Selon les trois enquêteurs, le chef de l'Etat et de hauts responsables ont établi une approche pour réprimer tous les opposants. Les actes n'ont pas été perpétrés par des individus 'de manière aléatoire', a dit à la presse la présidente de la mission, Marta Valiñas. 'C'était une machinerie', ajoute-t-elle.
Au total, les enquêteurs mentionnent 11 hauts responsables des deux entités en charge du renseignement, dont plusieurs anonymement. Mais ils élargissent leur demande d'investigations à 'tous les niveaux', y compris le sommet de l'Etat, et dans toutes les juridictions, nationales comme internationales.
Ordres donnés par le chef de l'Etat
Si le procureur général n'honore pas les obligations internationales de son pays en ouvrant une procédure, la Cour pénale internationale (CPI) devrait poursuivre toutes ces personnes, ajoute un autre membre de la mission. Seuls quelques cas, mais attribués à des responsables de rang moins élevé, ont été abordés par les autorités judiciaires nationales. Les enquêteurs saluent l'ouverture d'une investigation formelle il y a moins d'un an par la CPI.
Plusieurs sources ont dit à la mission que Nicolas Maduro donnait lui-même les ordres au chef du renseignement militaire intérieur Ivan Hernandez Dala, toujours en personne ou par téléphone. Le chef de l'Etat 'approuve et, parfois, demande la détention d'opposants réels ou considérés comme tels'. Il lui est reproché le même fonctionnement avec le renseignement civil.
Plus largement, son épouse, le président de l'Assemblée nationale constituante et un ancien vice-président, désormais ministre, font également partie de ceux qui ont ordonné certaines interpellations. Nicolas Maduro aurait également, à certaines reprises, demandé au renseignement militaire de fabriquer de quoi mettre en cause certains opposants, en l'absence de preuves contre eux.
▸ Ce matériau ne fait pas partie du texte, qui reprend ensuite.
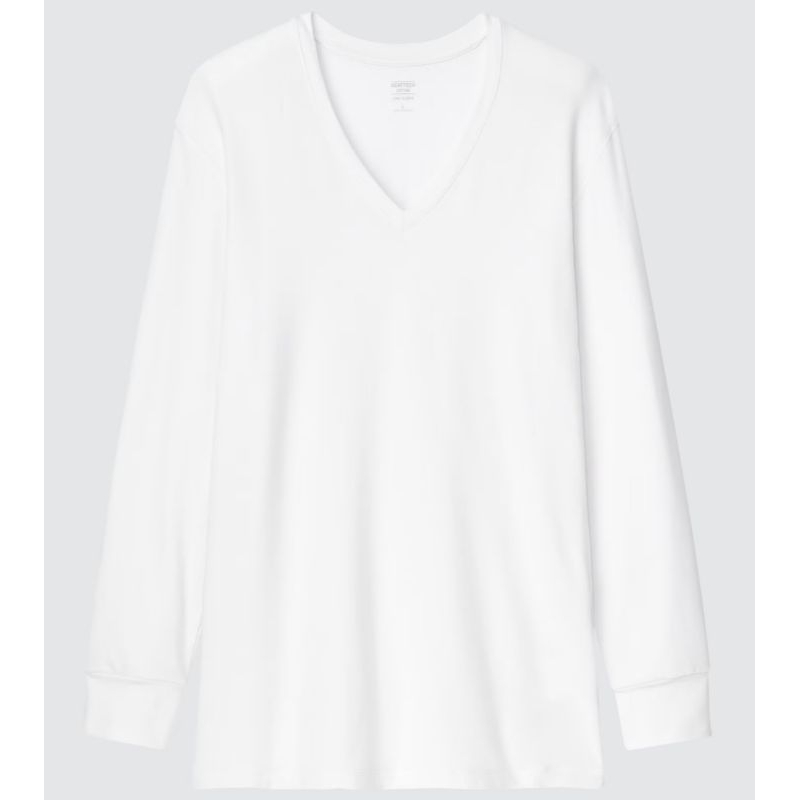 日本帶回 UNIQLO HEATTECH 棉質 V領 T恤 發熱衣（極暖・9分袖） 白色 L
Appel également pour les victimes
Près de 180 cas de torture attribués à deux entités du renseignement vénézuélien ont été identifiés au total par les trois enquêteurs depuis le début de la crise politique au Venezuela, mais le chiffre est probablement plus important. Ces actes se poursuivent, selon le rapport. Ils 'doivent être arrêtés immédiatement', dit Mme Valiñas.
Non seulement les responsables ne sont pas poursuivis, mais ils sont promus par le chef de l'Etat. Avant de quitter son mandat, la Haute commissaire de l'ONU aux droits de l'homme Michelle Bachelet avait salué une amélioration de la situation, notamment dans l'accès de son bureau au pays.
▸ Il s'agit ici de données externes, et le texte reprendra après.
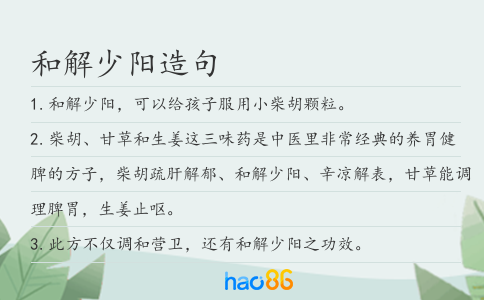 和解少阳造句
La mission estime au contraire que la crise des droits humains reste très importante. Parmi ses autres reproches, elle dénonce le contrôle de l'Etat et de groupes criminels sur les populations dans les activités extractives du sud du pays. Là encore, de la torture a été observée.
La mission demande des investigations rapides et indépendantes sur toutes les accusations de violations des droits humains dans le pays. Les responsables présumés des entités du renseignement doivent être suspendus et un mécanisme de surveillance indépendant doit être établi sur les activités de celles-ci. Les victimes doivent obtenir des réparations et doivent être protégées.